The best of the decade
Established auteurs and foreign directors delivered some of the very best films of the past decade:
- Woody Allen for Blue Jasmine (Sony Pictures Classics, 2013)
- Danny Boyle for 127 Hours (Fox Searchlight, 2010)
- Joel and Ethan Coen for Inside Llewyn Davis (CBS Films, 2013)
- Jim Jarmusch for Paterson (Amazon Studios, 2016)
- Ang Lee for The Life of Pi (20th Century Fox, 2012)
- Martin Scorsese for Hugo (Paramount, 2011) and The Irishman (Netflix, 2019)
- Steven Spielberg for Bridge of Spies (Walt Disney Studios Motion Pictures, 2015).
And we absolutely cannot forget Quentin Tarantino. This singular auteur has a habit of offering us a provocative new cinematic event every seven years: Inglorious Basterds (The Weinstein Co., 2005), Django Unchained (The Weinstein Co., 2012), and Once Upon a Time . . . In Hollywood (Sony Pictures Releasing, 2019).

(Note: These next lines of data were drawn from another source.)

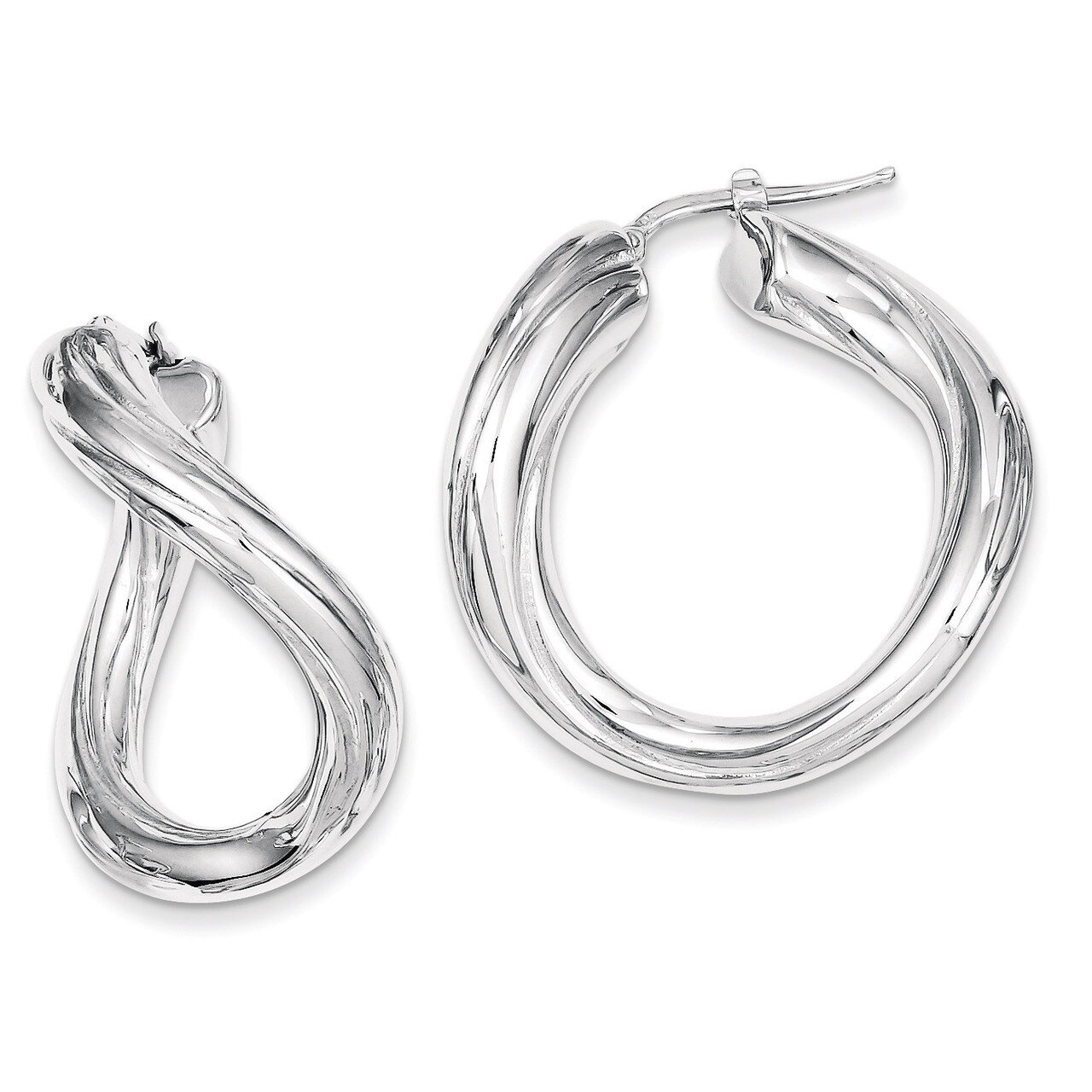 Sterling Silver Polished Rhodium Plated Twisted Hollow Hoop Earrings QE8322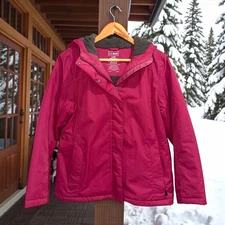 L.L. Bean Winter Warmer Fuchsia Pink Hooded Fleece Lined Ski Jacket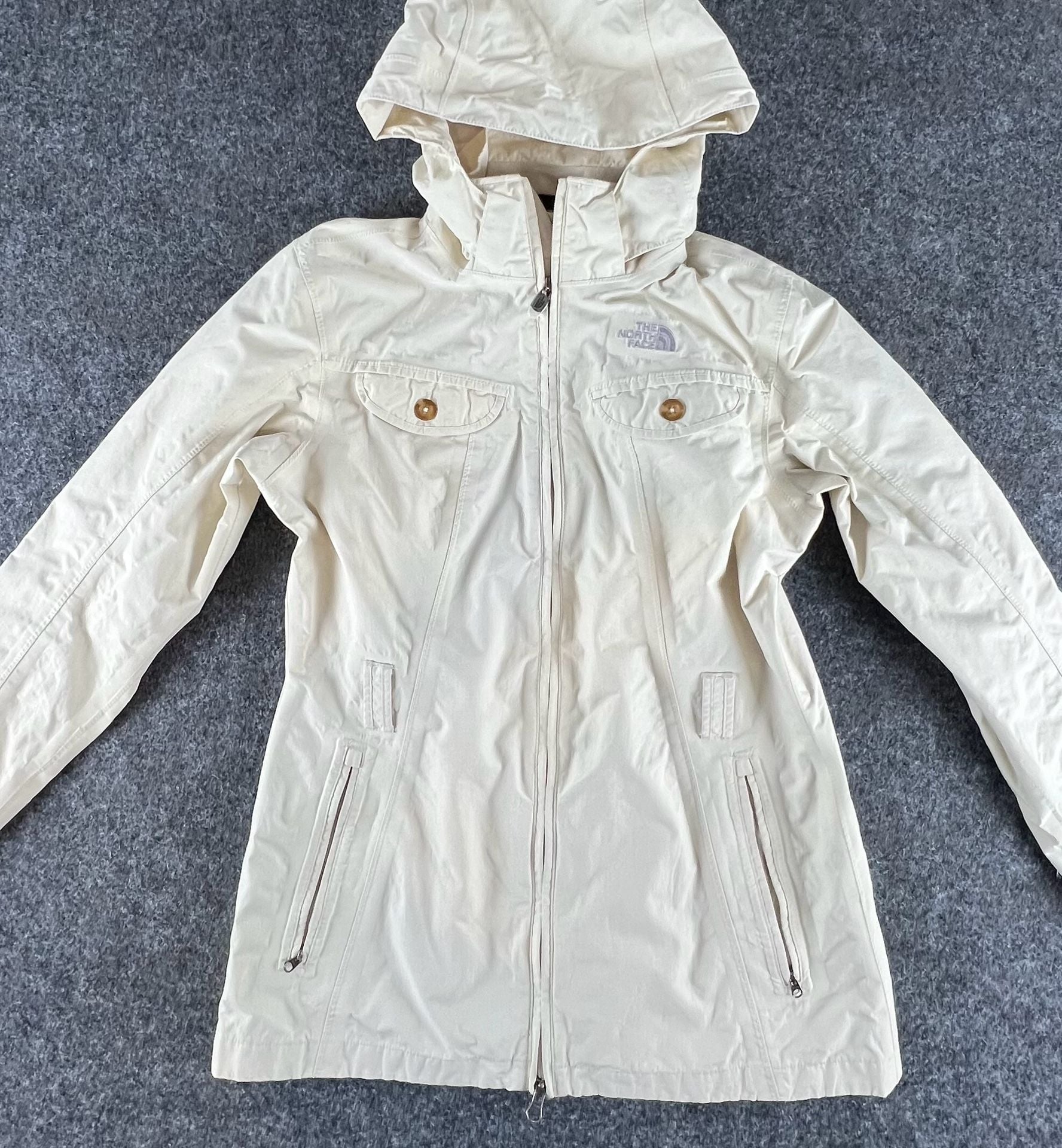The North Face Hyvent Hooded Rain Jacket Cream White 2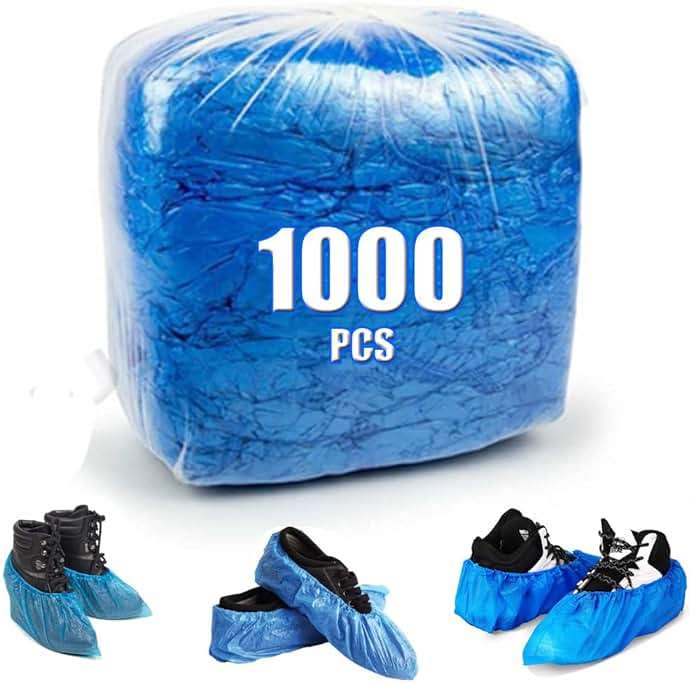 Shoe Covers Disposable 1000 PCS (500 Pairs) Reusable Boot Covers Waterproof, Durable for Real Estate, Travel, Construction, Workplace, Medical, Rain, Floor, One Size Fits Most, Hygienic Carpet Blue - Image 1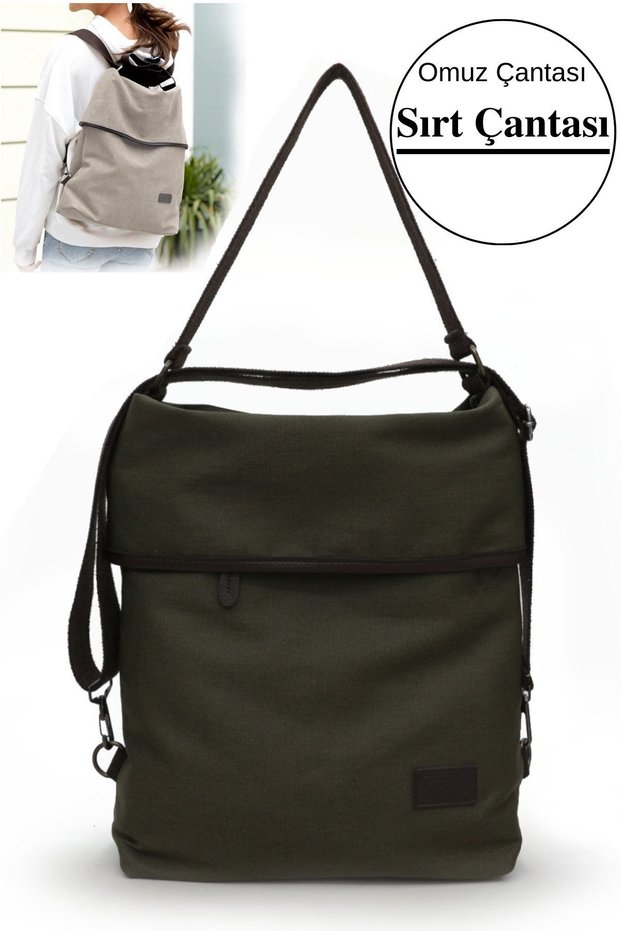 3210 Kyra Women's Khaki Green Shoulder Back Hand 100% Cotton Canvas Fabric Casual Daily Crossbody Bag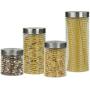 Home Basics Beehive 4 Piece Glass Canister Set with Stainless Steel Air Tight Lids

My must-see list of foreign films includes
- Ida (2013), Pawel Pawlikowski’s Oscar-winning Polish film about a would-be nun who leaves the convent and travels with a Jewish aunt in search of her family’s past
- A Fantastic Woman (2016), writer-director Sebastian Lelio’s take on a transgender Chilean woman facing personal turmoil after the death of her boyfriend
- Roma (2018), Alfonso Cuaron’s Oscar-winning look-back at his childhood in a suburb of Mexico City. This was my very favorite film of the 2010s.
I also highly recommend two marvelous films about children struggling to survive in bleak environs — Capernaum (2018), written and directed by Lebanese actor Nadine Labaki, and Shoplifters (2018), a Japanese film written and directed by Hirokazu Kore-eda, set in a poverty-stricken Tokyo neighborhood. Each of these touching dramas also gives evidence of the potential impact of child actors in the hands of consummate director-writer-storytellers. Though American-made, I also include in this narrative category The Florida Project (A24, 2017) about lively children in a housing settlement at the edge of Disney World.
Looking forward to a new year of films and I wish you Happy Holidays and the Very Best in 2020.